PB : "Il y a deux très fortes rivalités croisées. D'abord, entre le Qatar et les Émirats arabes unis, avec dans les deux cas, des petits pays avec une faible population et un fort PIB. La défaite du PSG, détenu par les Qatari, contre Manchester City, détenu par les Émiratis, en 2016 (en quarts de finale de Ligue des champions, ndlr) qui a conduit à l'éviction de Laurent Blanc, a été durement ressentie par le PSG. La seconde rivalité est entre l'Arabie saoudite et le Qatar. Ce dernier n'a qu'une seule frontière, avec le royaume saoudien, qui a toujours vu l'émirat comme une excroissance et qui a toujours pensé qu'il devrait exercer sa souveraineté sur ce territoire. Le fait que le Qatar ait créé la chaîne Al Jazeera, très critique de l'Arabie saoudite, que le Qatar soutienne les Frères musulmans dans plusieurs pays et qu'il ait des relations apaisées avec l'Iran, est venu accentuer cette rivalité. Et les Saoudiens sont très jaloux des différents succès du Qatar dans le monde du sport, avec ce grand symbole qu'est l'organisation de la Coupe du monde. Donc l'Arabie saoudite fait tout pour saboter cela. Et le sport est devenu un terrain supplémentaire de ces rivalités."
Finalement, ce sont des guerres par procuration auxquelles se livrent les États du Golfe à travers le sport européen ?
PB : "Oui, c'est ça. Mais on peut se dire que c'est mieux qu'ils se battent à coups de matches de football qu'à coups de canon. Le sport est devenu un instrument de géopolitique. Tout le monde regarde le sport, et le football est le plus visible. Les Saoudiens, avec quelques années de retard, se sont décidés à jouer sur le même terrain que le Qatar qui a commencé à développer sa diplomatie sportive au début des années 2000. Avant le rachat du PSG en 2011, très peu de gens connaissaient le Qatar. Maintenant, l'émirat est connu à travers le monde entier et les Saoudiens veulent concurrencer le Qatar sur ce domaine d'excellence."
L'offre de rachat du club anglais de Newcastle pourrait échouer en raison de la prise de position du Qatar, qui a dénoncé le piratage de beIN Sports par le royaume saoudien avec la chaîne beoutQ. Est-ce que ce piratage à grande échelle pourrait faire échouer le projet de rachat de l'OM porté par Mourad Boudjellal ?
PB : "Il ne faut pas oublier que dans le cas du rachat de Newcastle, la veuve de Jamal Khashoggi (journaliste saoudien dissident assassiné et démembré en Turquie par un commando mandaté par le royaume en octobre 2018, ndlr) a pris position et a demandé à la Premier League de ne pas valider ce rachat.
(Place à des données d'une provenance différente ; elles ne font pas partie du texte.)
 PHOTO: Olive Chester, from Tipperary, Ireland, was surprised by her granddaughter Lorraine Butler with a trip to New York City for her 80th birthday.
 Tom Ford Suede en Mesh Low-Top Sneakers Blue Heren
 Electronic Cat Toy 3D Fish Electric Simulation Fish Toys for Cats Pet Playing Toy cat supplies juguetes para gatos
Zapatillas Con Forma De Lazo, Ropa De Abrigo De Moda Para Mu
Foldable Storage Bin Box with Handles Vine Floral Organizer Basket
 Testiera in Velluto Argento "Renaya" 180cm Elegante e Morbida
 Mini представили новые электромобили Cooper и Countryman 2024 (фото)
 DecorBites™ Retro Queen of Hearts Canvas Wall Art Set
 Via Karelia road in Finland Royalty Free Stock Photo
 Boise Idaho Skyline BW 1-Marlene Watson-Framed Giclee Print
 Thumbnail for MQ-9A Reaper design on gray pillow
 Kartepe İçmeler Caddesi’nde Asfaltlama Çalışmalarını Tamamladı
Cela a jeté un discrédit de plus sur l'image de MBS. Mais il n'est pas sûr que la veuve de Khashoggi (Hatice Cengiz, ndlr) ait autant de contacts en France qu'au Royaume-Uni. Pour ce qui est du Qatar, dans le cas du rachat de l'OM, l'émirat serait jugé pour prendre parti. Si le Qatar s'y oppose, tout le monde dirait que c'est pour ne pas avoir un rival, et donc il est plus délicat pour eux de s'opposer au rachat de l'OM."
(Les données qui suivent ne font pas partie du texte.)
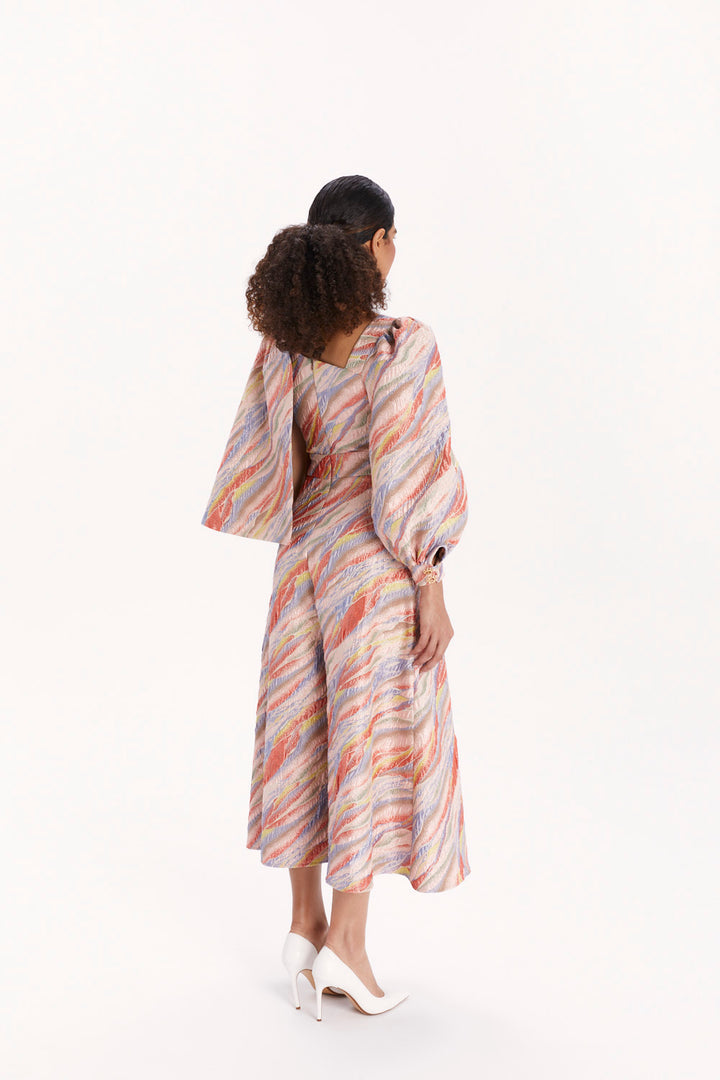 JUMPSUIT WITH WIDE LEGS AND AN ASYMMETRICAL NECKLINE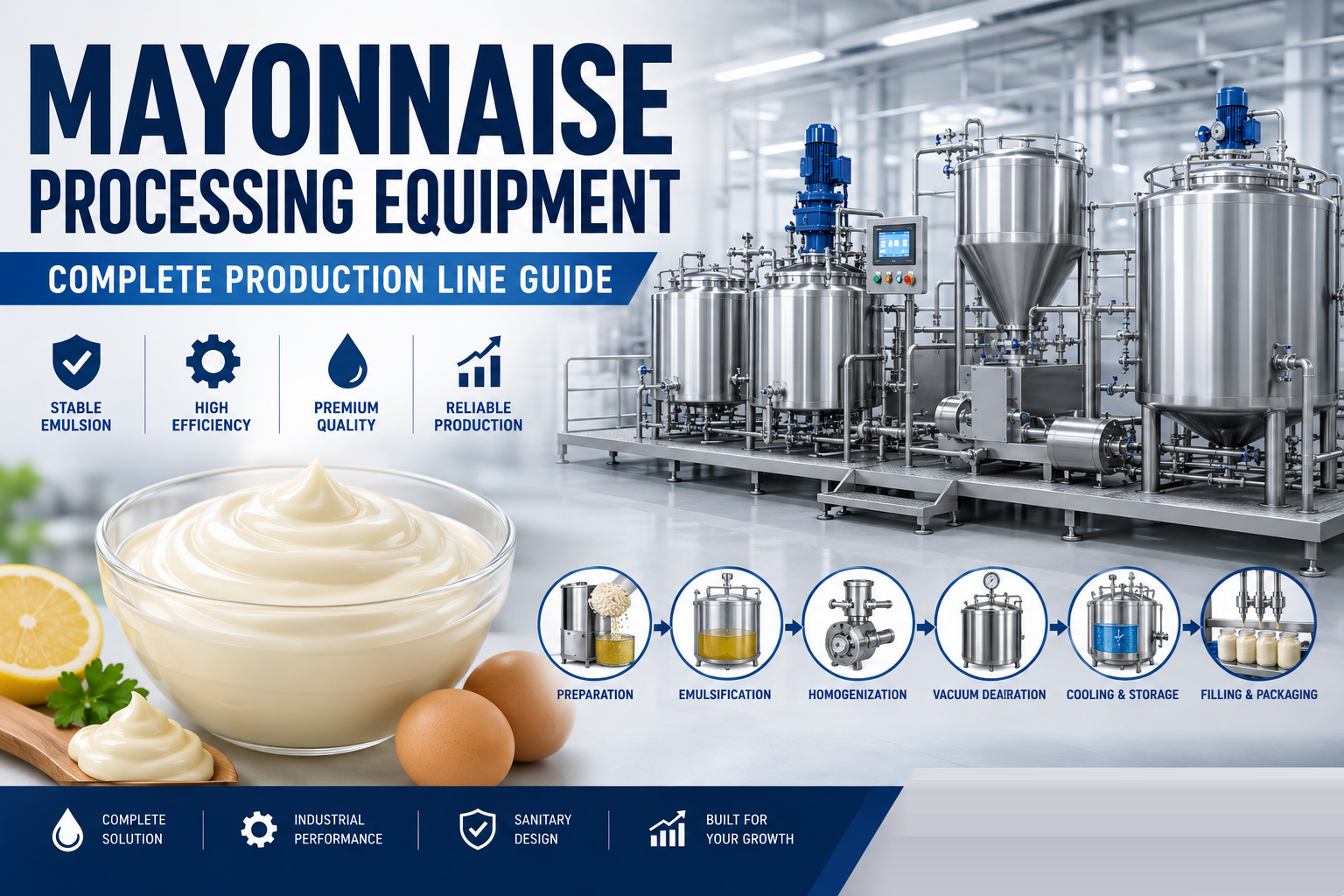 mayonnaise processing equipment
Alors que l'Arabie saoudite continue de développer sa diplomatie sportive dans le cadre du projet Vision 2030, peut-on s'attendre à davantage de conflits par procuration dans le domaine du sport, qui démontrent les rivalités entre pays du Golfe ?
PB : "Encore une fois, je préfère qu'ils s'affrontent dans le domaine du sport que dans le domaine militaire. Mais c'est sûr qu'il y en aura d'autres. Le monde arabe est divisé, les conflits opposent les protagonistes de ce monde arabe et on voit que ces rivalités sont encore plus fortes qu'auparavant. Le sport est vécu comme un moyen d'imposer sa marque, son prestige, et d'humilier sur le plan symbolique son adversaire. Cela permet également de fédérer une population derrière soi. Ces affrontements par procuration, c'est une façon pour les Qataris de se réunir autour de l'émir contre les puissances étrangères, et pour les Saoudiens de désigner un ennemi accusé de tous les maux. Donc ces rivalités vont de plus en plus se retrouver dans le domaine du sport."